2.1.1

Outline the cell theory.

2

Include the following.

• Living organisms are composed of cells.

• Cells are the smallest unit of life.

• Cells come from pre-existing cells.

2.1.2

Discuss the evidence for the cell theory.

3

TOK: The nature of scientific theories could be introduced here: the accumulation of evidence that allows a hypothesis to become a theory; whether a theory should be abandoned when there is evidence that it does not offer a full explanation; and what evidence is needed for a theory to be adopted or rejected.

2.1.3

State that unicellular organisms carry out all the functions of life.

1

Include metabolism, response, homeostasis, growth, reproduction and nutrition.

2.1.4

Compare the relative sizes of molecules, cell membrane thickness, viruses, bacteria, organelles and cells, using the appropriate SI unit.

3

Appreciation of relative size is required, such as molecules (1 nm), thickness of membranes (10 nm), viruses (100 nm), bacteria (1 µm), organelles (up to 10 µm), and most cells (up to 100 µm). The three-dimensional nature/shape of cells should be emphasized.

TOK: All the biological entities in the above list are beyond our ability to perceive directly. They must be observed through the use of technology such as the light microscope and the electron microscope. Is there any distinction to be drawn between knowledge claims dependent upon observations made directly with the senses and knowledge claims dependent upon observations assisted by technology?

2.1.5

Calculate the linear magnification of drawings and the actual size of specimens in images of known magnification.

2

Magnification could be stated (for example, ×250) or indicated by means of a scale bar, for example:

Aim 7: The size of objects in digital images of microscope fields could be analysed using graticule baselines and image-processing software.

2.1.6

Explain the importance of the surface area to volume ratio as a factor limiting cell size.

3

Mention the concept that the rate of heat production/waste production/resource consumption of a cell is a function of its volume, whereas the rate of exchange of materials and energy (heat) is a function of its surface area.
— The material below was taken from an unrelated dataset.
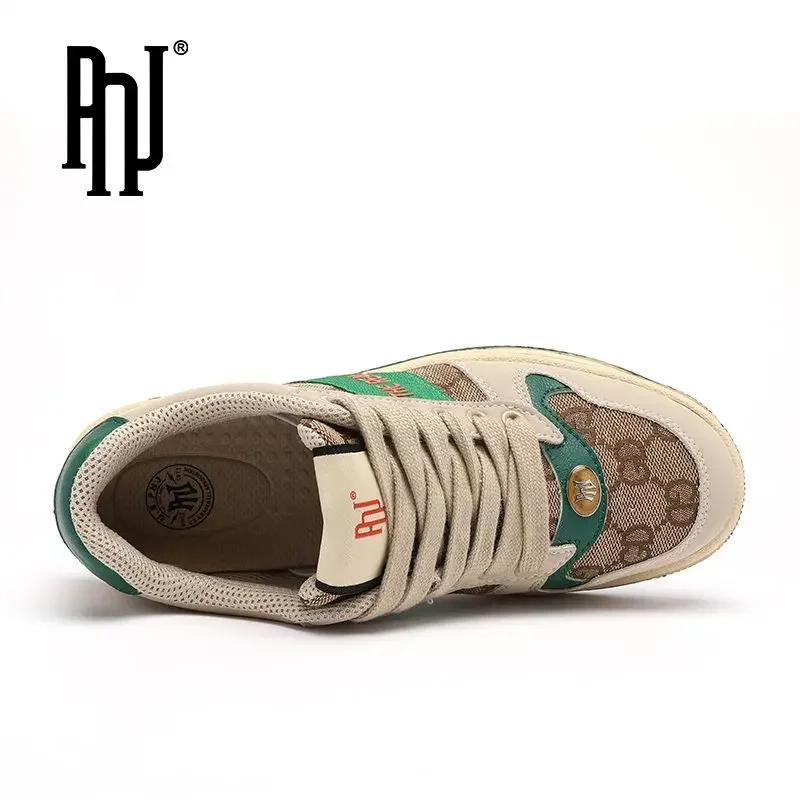 PNJ Board Shoes Men's Shoes Autumn Board Splicing Trend Retro Casual Low-top Versatile Sports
Simple mathematical models involving cubes and the changes in the ratio that occur as the sides increase by one unit could be compared.

Aim 7: Data logging could be carried out to measure changes in conductivity in distilled water as salt diffuses out of salt–agar cubes of different dimensions.

2.1.7

State that multicellular organisms show emergent properties.

1

Emergent properties arise from the interaction of component parts: the whole is greater than the sum of its parts.

TOK: The concept of emergent properties has many implications in biology, and this is an opportunity to introduce them. Life itself can be viewed as an emergent property, and the nature of life could be discussed in the light of this, including differences between living and non-living things and problems about defining death in medical decisions.

2.1.8

Explain that cells in multicellular organisms differentiate to carry out specialized functions by expressing some of their genes but not others.

3

2.1.9

State that stem cells retain the capacity to divide and have the ability to differentiate along different pathways.

1

2.1.10

Outline one therapeutic use of stem cells.

2

This is an area of rapid development. In 2005, stem cells were used to restore the insulation tissue of neurons in laboratory rats, resulting in subsequent improvements in their mobility. Any example of the therapeutic use of stem cells in humans or other animals can be chosen.

Aim 8: There are ethical issues involved in stem cell research, whether humans or other animals are used. Use of embryonic stem cells involves the death of early-stage embryos, but if therapeutic cloning is successfully developed the suffering of patients with a wide variety of conditions could be reduced.

Int: Stem cell research has depended on the work of teams of scientists in many countries, who share results and so speed up the rate of progress. However, ethical concerns about the procedures have led to restrictions on research in some countries. National governments are influenced by local, cultural and religious traditions, which vary greatly, and these, therefore, have an impact on the work of scientists.

TOK: This is an opportunity to discuss balancing the huge opportunities of therapeutic cloning against the considerable risks—for example, stem cells developing into tumours.

Another issue is how the scientific community conveys information about its work to the wider community in such a way that informed decisions about research can be made.

2.2.1

Draw and label a diagram of the ultrastructure of Escherichia coli (E. coli) as an example of a prokaryote.

1

The diagram should show the cell wall, plasma membrane, cytoplasm, pili, flagella, ribosomes and nucleoid (region containing naked DNA).

Label this diagram.

Label answers

2.2.2

Annotate the diagram from 2.2.1 with the functions of each named structure.

2

2.2.3

Identify structures from 2.2.1 in electron micrographs of E. coli.

2

2.2.4

State that prokaryotic cells divide by binary fission.

1

2.3.1

Draw and label a diagram of the ultrastructure of a liver cell as an example of an animal cell.

1

The diagram should show free ribosomes, rough endoplasmic reticulum (rER), lysosome, Golgi apparatus, mitochondrion and nucleus. The term Golgi apparatus will be used in place of Golgi body, Golgi complex or dictyosome.

2.3.2

Annotate the diagram from 2.3.1 with the functions of each named structure.

2

2.3.3

Identify structures from 2.3.1 in electron micrographs of liver cells.

2

2.3.4

Compare prokaryotic and eukaryotic cells.

3

Differences should include:

• naked DNA versus DNA associated with proteins

• DNA in cytoplasm versus DNA enclosed in a nuclear envelope

• no mitochondria versus mitochondria

• 70S versus 80S ribosomes

• eukaryotic cells have internal membranes that compartmentalize their functions.

2.3.5

State three differences between plant and animal cells.

1

2.3.6

Outline two roles of extracellular components.

2

The plant cell wall maintains cell shape, prevents excessive water uptake, and holds the whole plant up against the force of gravity.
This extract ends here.